REQUIRED WORK:
When you reach the line containing "Mercedes-Benz S Coupé.", start transcribing exactly and continue through the last line of the data, skipping every picture.

───── RECORDED DATA ─────

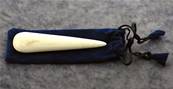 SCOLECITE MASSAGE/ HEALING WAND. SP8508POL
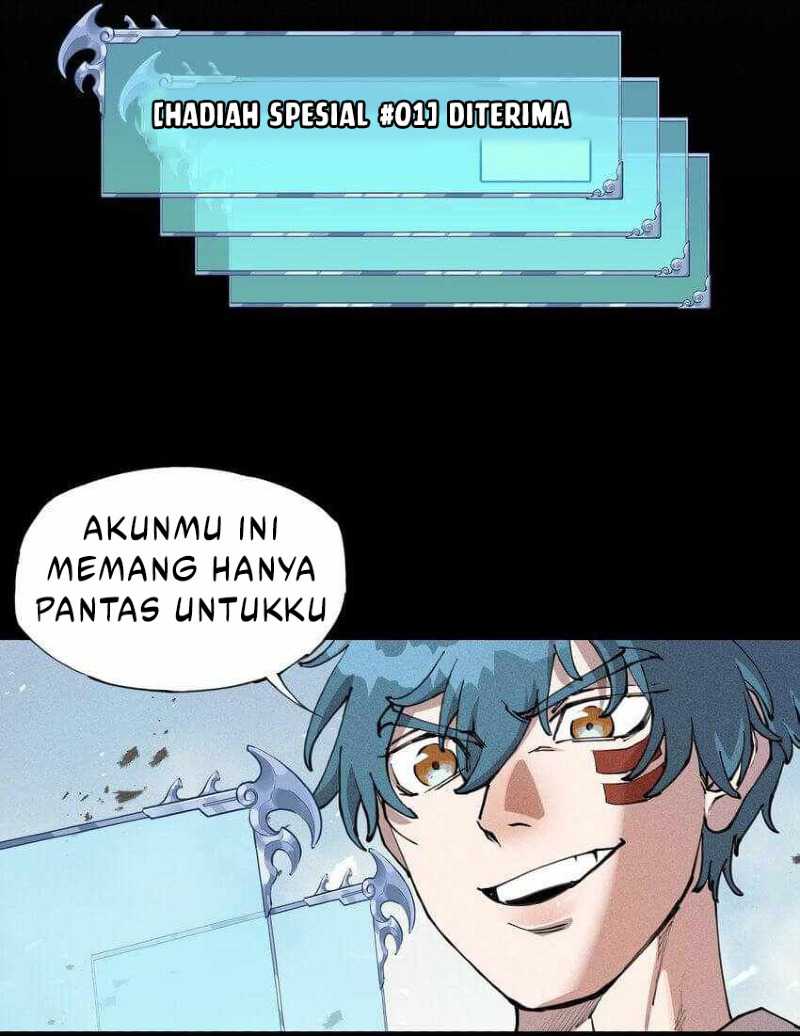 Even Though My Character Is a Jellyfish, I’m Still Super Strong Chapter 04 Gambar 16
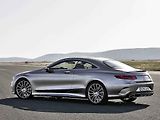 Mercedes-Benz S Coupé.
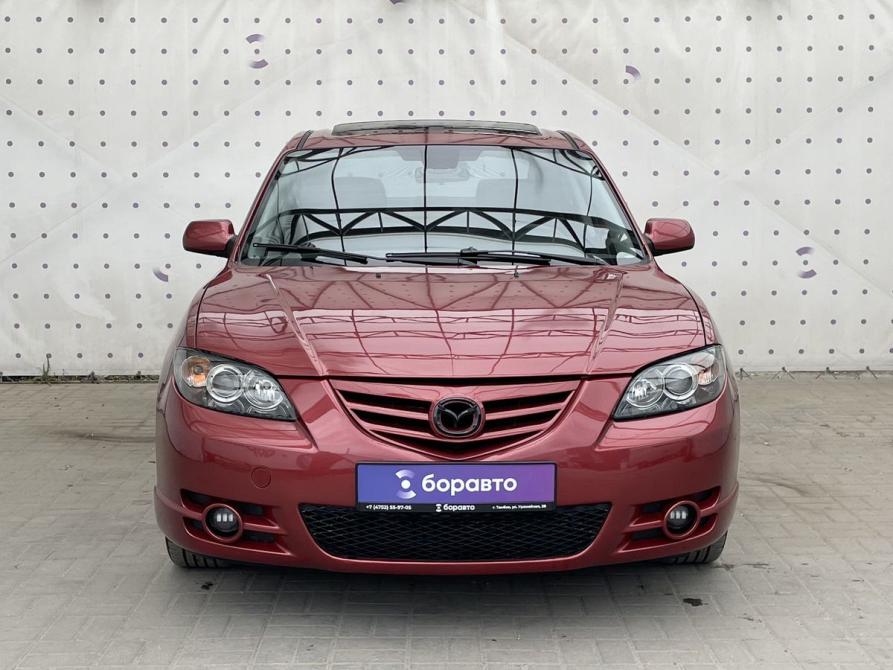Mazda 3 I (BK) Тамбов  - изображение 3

─────

TASK RESPONSE:
 Mercedes-Benz S Coupé.
Mazda 3 I (BK) Тамбов  - изображение 3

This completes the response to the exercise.